Дважды всплыло имя "Бобби". На второй раз вслед за именем появился расплывчатый образ: еще одно лицо, и тоже очень доброе. Воображение незнакомца явно приукрасило его облик, как и облик Джулии. Черты Бобби вызвали у Зол та глухие воспоминания, но Бобби он увидел не так отчетливо, как Джулию, а приглядеться пристальнее нельзя: пришелец почувствует его любопытство и упорхнет.
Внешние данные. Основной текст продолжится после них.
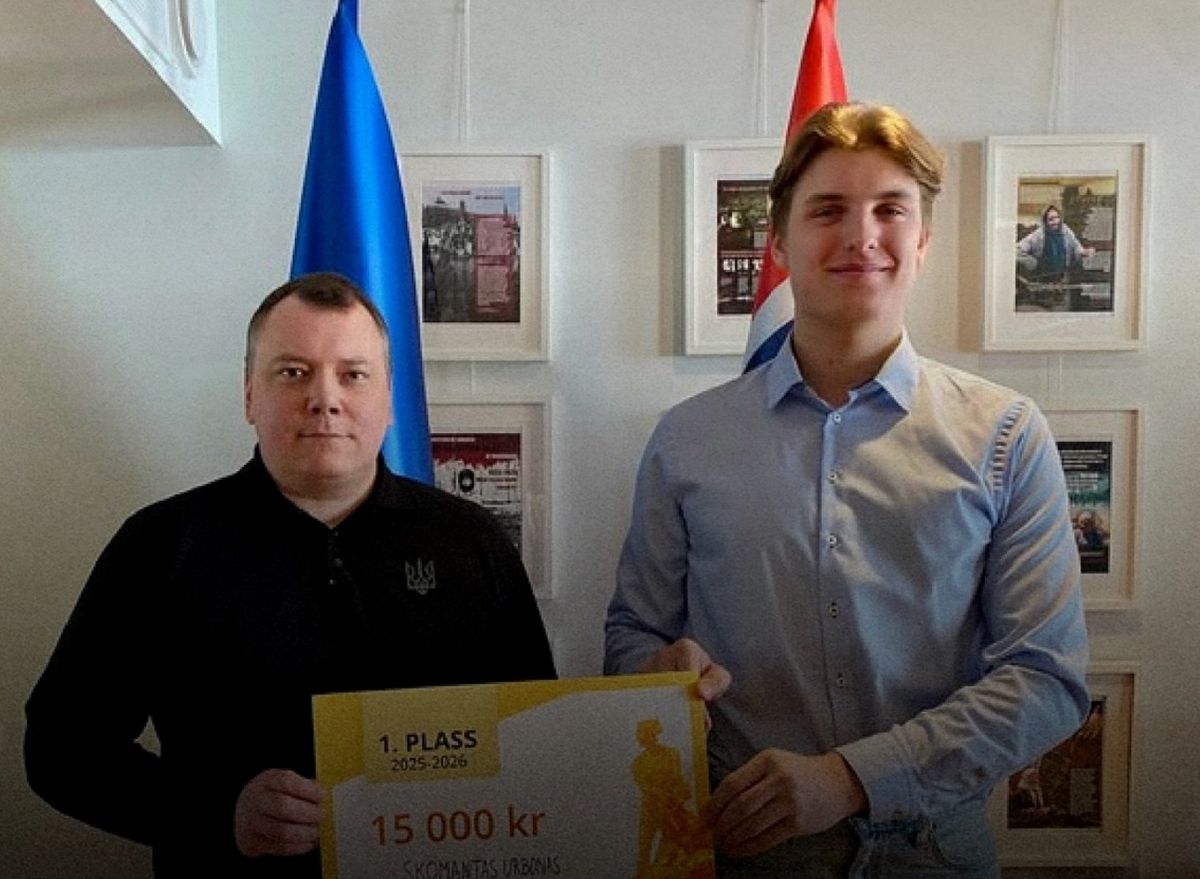 Переможець Національної математичної олімпіади Норвегії задонатив виграш ЗСУ
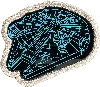 Stoney Clover Lane Millennium Falcon Patch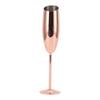 Metal Goblet Rust Proof Discolor Resistant Bevel Mouth Stainless Steel Champagne Glass for Celebration Party Home Gold Plated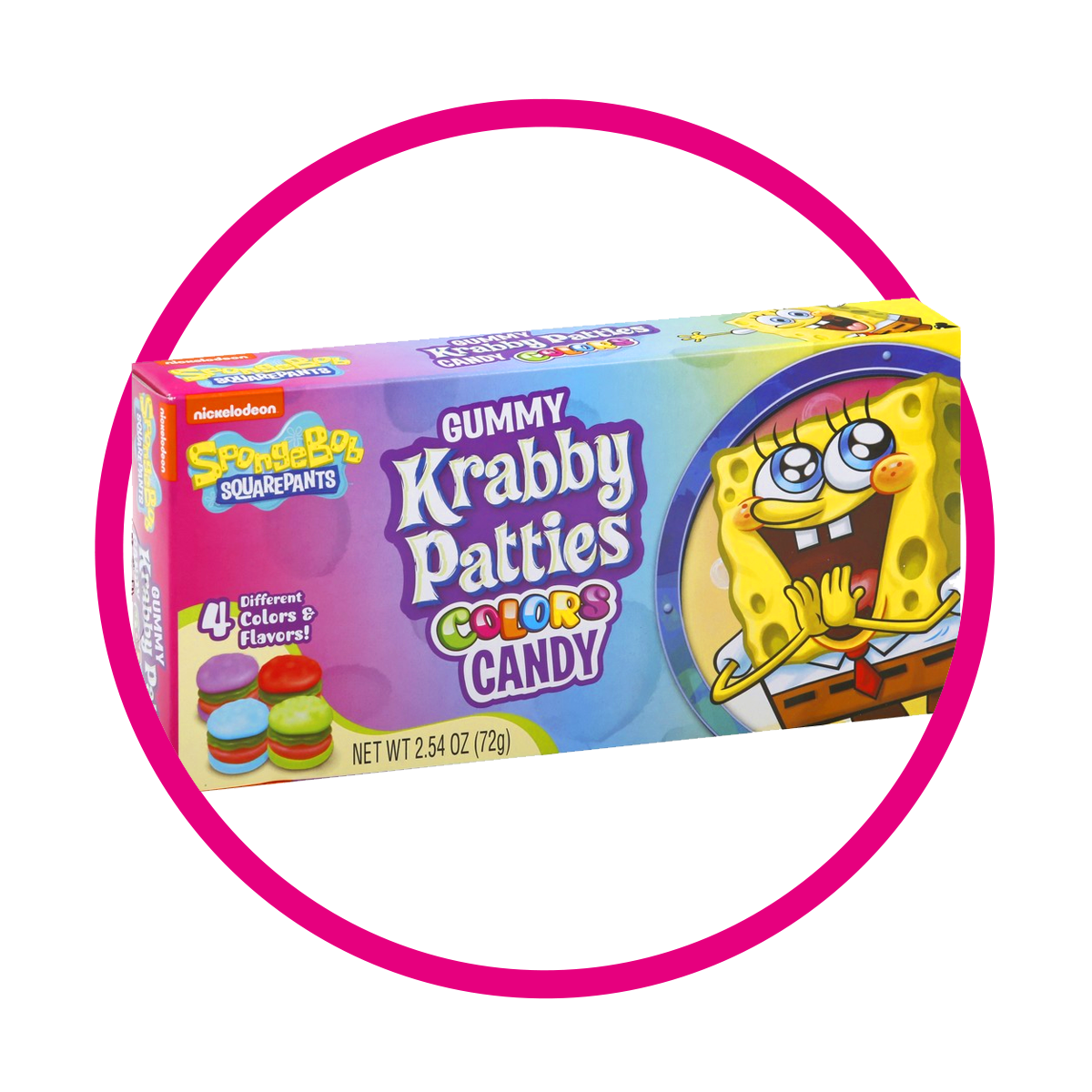 KRABBY PATTIES COLORS GUMMY CAJA 72G $%M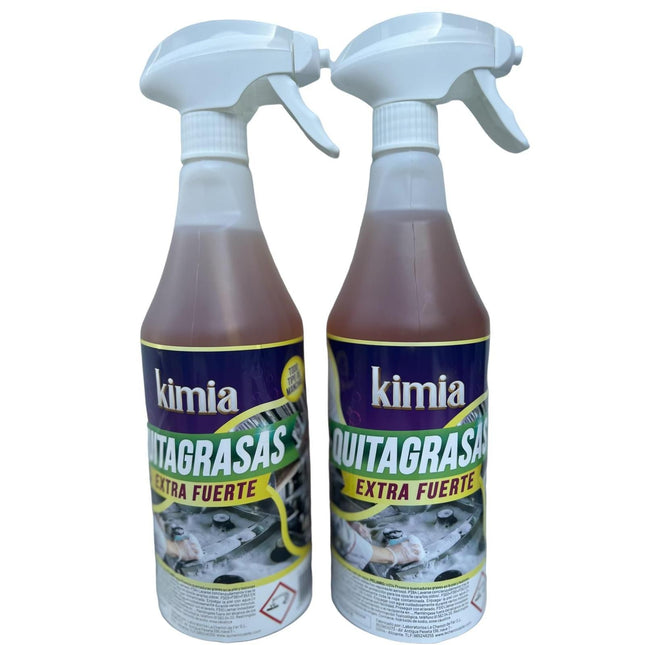 KIMIA PACK 2 QUITAGRASAS ESPUMA 750 ML - BARBACOAS Y PLANCHAS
Золт долго и терпеливо приваживал пугливого незнакомца. Он ловил новые слова и образы, но понять, что за ними стоит, не было никакой возможности:
"Космонавты в скафандрах… Беда… Тип в маске хоккеиста… Интернат… Глупые… Халат, половина шоколадки…" И вдруг – отчаянная мысль: "Заведутся Тараканы – нехорошо. Надо Поддерживать Чистоту".
Минут на десять связь прервалась. Золт встревожился: не убрался ли незнакомец насовсем? Но неожиданно чужие мысли нахлынули с новой силой. Между Золтом и незнакомцем возникла прочная связь.
Почувствовав, что гость больше не боится, Золт решил: пора. Он представил, что его сознание – стальная мышеловка, а гость – любопытная мышь. Пружина сорвалась с места, щелк – стальная скоба крепко прижала незнакомца.
Ошеломленный гость рванулся, но Золт потащил его по связующему их телепатическому мосту, пробиваясь в разум чужака, чтобы вызнать, кто он, где находится, что ему нужно.
Золт не мог похвастаться телепатическим даром, тут незнакомец намного его превосходил. Прежде Золту никогда не случалось читать чужие мысли, он не знал даже, как к этому приступить. Оказалось, что и делать-то ничего не надо – только распахнуть свое сознание и воспринимать. Незнакомца звали Томас, он до смерти испугался Золта, струсил от того, что Поступил По-Глупому, и ужаснулся, что Джулии из-за него не поздоровится. Стреноженный этим трехликим страхом, он уже не мог сопротивляться, и на Золта обрушился целый поток беспорядочных мыслей.
Разобраться о сумятице мыслей и образов было нелегко. Золт лихорадочно выхватывал любые сведения, по которым можно догадаться, кто такой этот Томас и где он живет.
"Глупые, Сьело-Виста, интернат, у всех тут низкие куры, вкусно кормят, телевизор, Тут Мы Как Дома, санитарки добрые, смотрим на пересмешников, в большом мире плохо, в большом мире нам жить трудно.
Сьело-Виста, интернат…"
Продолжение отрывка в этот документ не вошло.